All Products
Search
Document Center

PolarDB:Create and manage distributed and replicated tables

Last Updated:Mar 28, 2026

PolarDB for PostgreSQL (Distributed) scales horizontally by sharding data across multiple data nodes (DNs). To support this, it introduces two specialized table types: distributed tables for large datasets, and replicated tables (also called reference tables) for small, frequently joined lookup data. This topic walks you through creating and managing both types.

Choose a table type

Distributed tableReplicated table
Best forLarge business tables (orders, users, events)Small lookup tables (country codes, product categories, tax rates)
Data placementEach row lives on one DN, determined by the distribution columnA full copy of the table lives on every DN
Read performanceQueries scatter across DNs; JOIN efficiency depends on co-locationJOINs with distributed tables are always local — no cross-node queries
Write overheadLow — each write goes to one DNHigh — every write is synchronized across all DNs
Size guidelineNo upper limitKeep small; avoid tables that change frequently

Create a distributed table

Creating a distributed table is a two-step process: create a standard table, then convert it using create_distributed_table.

Step 1: Choose a distribution column

The distribution column determines how rows are routed to DNs. The system hashes the column value and assigns each row to a shard based on that hash.

Choose the column that best meets all three criteria:

  • High cardinality — avoid columns with a small number of distinct values. For example, a status column with only three values (new, paid, shipped) distributes data unevenly and concentrates rows in a few shards, creating hotspots.

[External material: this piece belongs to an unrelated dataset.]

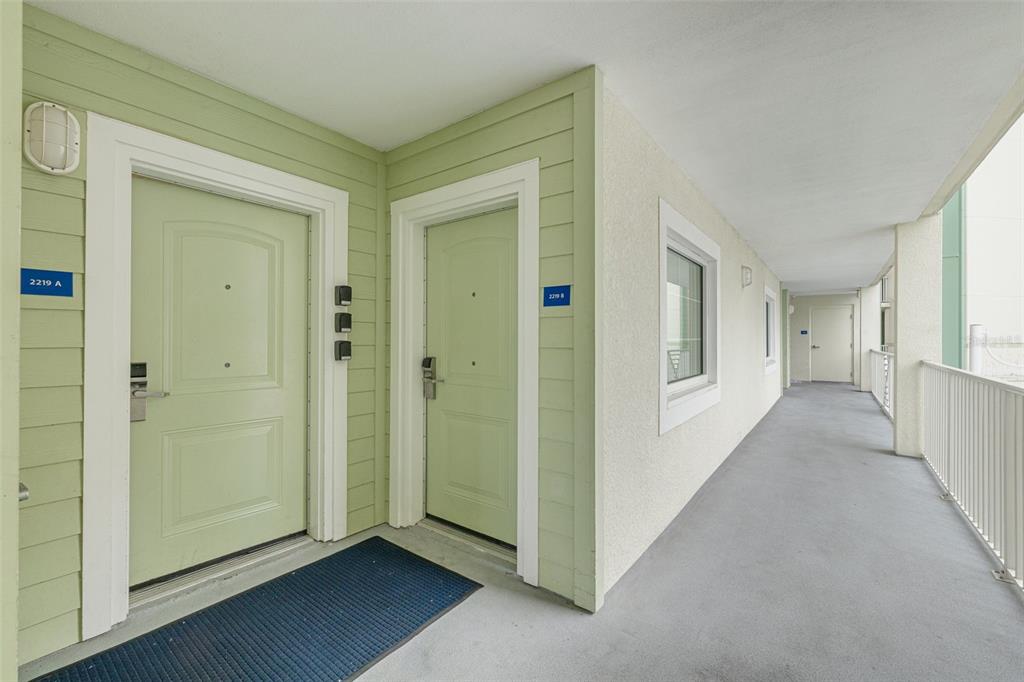 399 2nd Street, Unit 219 Indian Rocks Beach, FL 33785 - Photo 6 of 46 a view of a hallway with wooden floor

  • Even distribution — skewed columns cause data to accumulate on specific DNs.

  • Primary key or unique identifier — this typically satisfies both criteria above and ensures even distribution.

Important

If the table has a primary key or UNIQUE constraint, the distribution column must be one of the columns that form that constraint.

Step 2: Convert the table

Create the table, then call create_distributed_table with the table name and the chosen distribution column.

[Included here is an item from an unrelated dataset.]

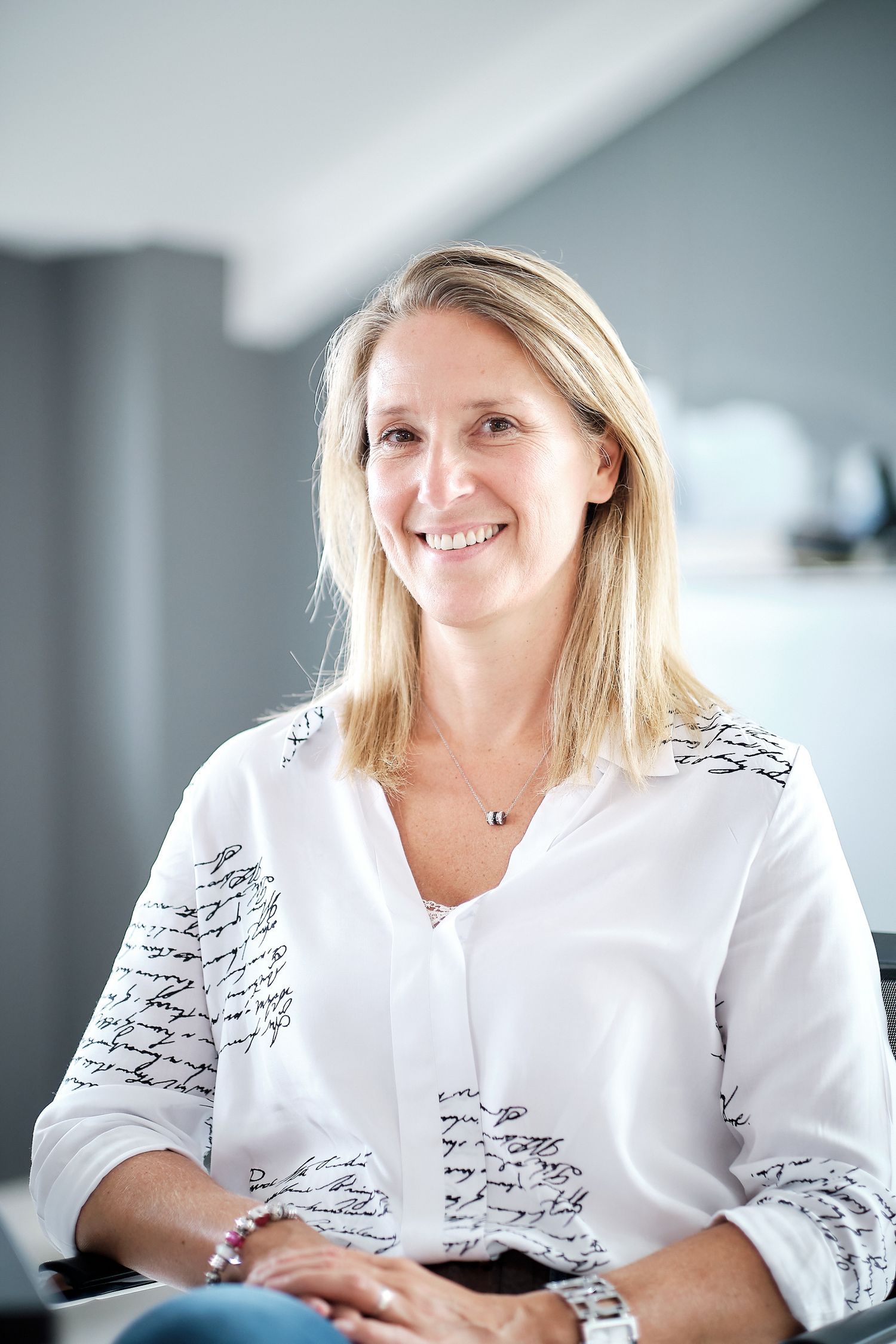 Professional portraits of person in white patterned blouse in bright office setting.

Example: Distribute table t on the id column.

-- Create a standard table
CREATE TABLE t (id int primary key, data text);

-- Convert to a distributed table
SELECT create_distributed_table('t', 'id');

Expected output:

 create_distributed_table
--------------------------

(1 row)

Step 3: (Optional) Set the shard count

Each distributed table defaults to 32 shards. Set a different count either per table or globally.

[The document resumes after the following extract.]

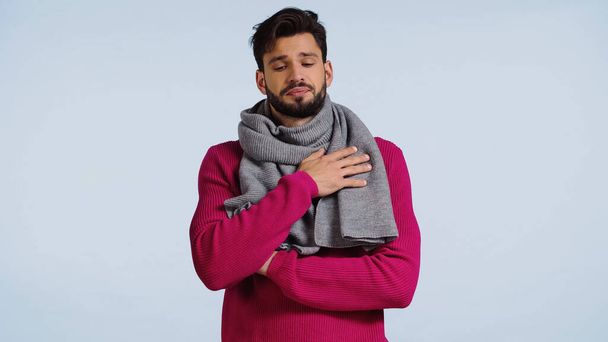 больной мужчина в розовом свитере и шарфе изолирован на голубом  - Фото, изображение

Using the shard_count parameter

Option A: Per table — pass shard_count when converting:

CREATE TABLE t1 (id int primary key, data text);
SELECT create_distributed_table('t1', 'id', shard_count := 4);

Using the polar_cluster.shard_count parameter

Option B: Global default — set polar_cluster.shard_count before converting:

SET polar_cluster.shard_count TO 4;
SELECT create_distributed_table('t1', 'id');

Verify the result:

SELECT * FROM pg_dist_shard WHERE logicalrelid = 't1'::regclass;

Expected output (4 shards covering the full hash range):

 logicalrelid | shardid | shardstorage | shardminvalue | shardmaxvalue
--------------+---------+--------------+---------------+---------------
 t1           |  102072 | t            | -2147483648   | -1073741825
 t1           |  102073 | t            | -1073741824   | -1
 t1           |  102074 | t            | 0             | 1073741823
 t1           |  102075 | t            | 1073741824    | 2147483647
(4 rows)

Step 4: (Optional) Assign a co-location group

When you JOIN two distributed tables on their distribution columns, PolarDB executes the join on a single DN — but only if the two tables share a co-location group. Without co-location, the query requires cross-node data transfer, which adds significant overhead.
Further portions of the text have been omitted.